MAGA Senator Deletes Post After Realizing He Compared ICE to Cartel
Mike Lee really thought he cooked with his initial post.

Senator Mike Lee scrubbed his comments about ICE after he realized he had painted the agency as the baddies.
The Utah Republican was excoriated by liberals Sunday after he posted an eyebrow-raising comparison on X in which he suggested that Democrats were OK with masked cartel members but not masked federal agents.
“Cartel hitmen wear masks.
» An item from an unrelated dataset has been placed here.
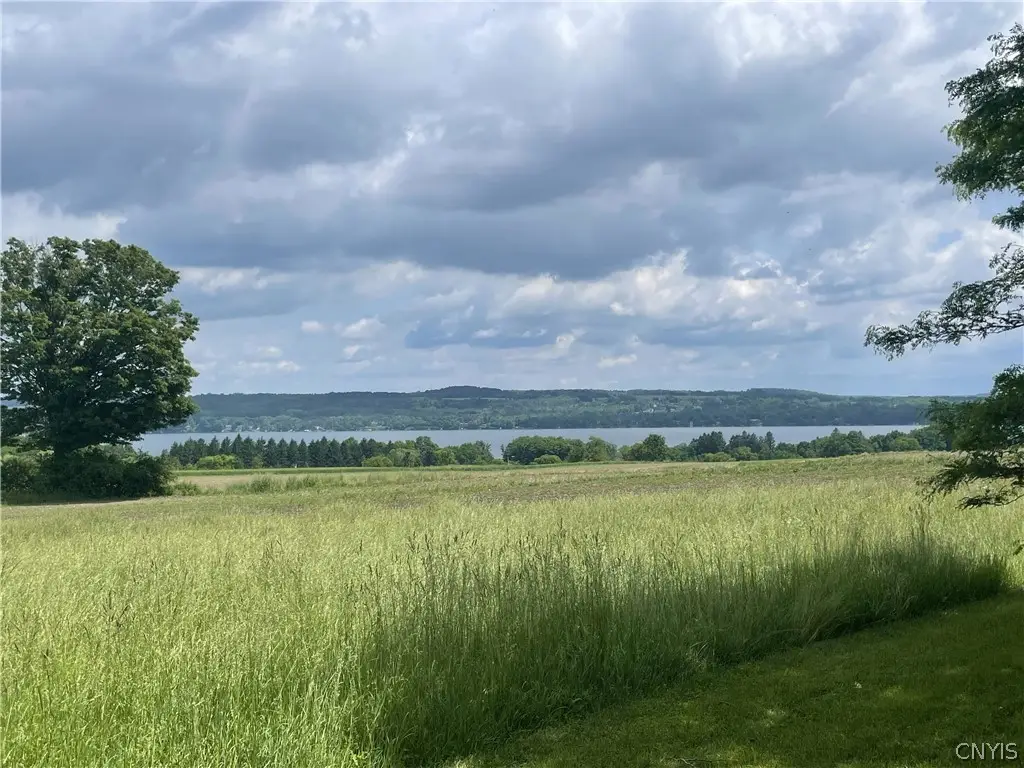 1676 W Lake Road, Skaneateles, NY 13152 - #1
Leftists aren’t complaining,” Lee wrote, referring to an image of masked Mexican cartel members at a gas station from earlier that day.
Mexican authorities killed famed cartel kingpin Nemesio “El Mencho” Oseguera Cervantes on Sunday, sparking a wave of violence across the country that saw vehicles torched, businesses destroyed, and dozens of people killed.
But Democrats were quick to point out that the parallel only made ICE look worse.
“Yes. Cartel hitmen wear masks. That’s why ICE shouldn’t,” responded Senate Minority Leader Chuck Schumer.
“Oh dear Mike,” wrote Connecticut Senator Chris Murphy. “I literally couldn’t make our argument better than you do. The bad guys wear masks. The good guys don’t.”
Hawaii Senator Brian Schatz highlighted that other law enforcement agencies are not allowed to conceal their identities in the way that Immigration and Customs Enforcement has over the last several months.
“Mike, I would like ICE to have the same standards as a local police department, not cartel hitmen,” he posted.
The message must have gotten across, as Lee has since erased his post.
ICE agents’ masks are one of the primary drivers of the partial government shutdown, which entered its second week Monday with no clear end in sight. Lawmakers remain firmly divided on how to continue funding the Department of Homeland Security. Democrats have offered a funding arrangement so long as Republicans agree to reform ICE as per a list of 10 demands that include requiring federal agents to identify themselves, take off their masks, and obtain judicial warrants before forcing their way onto private property.
GOP congressional leadership, however, does not seem willing to change the status quo at all. Republican members have decried the seemingly bare-minimum stipulations as “impossible” and “totally unrealistic.”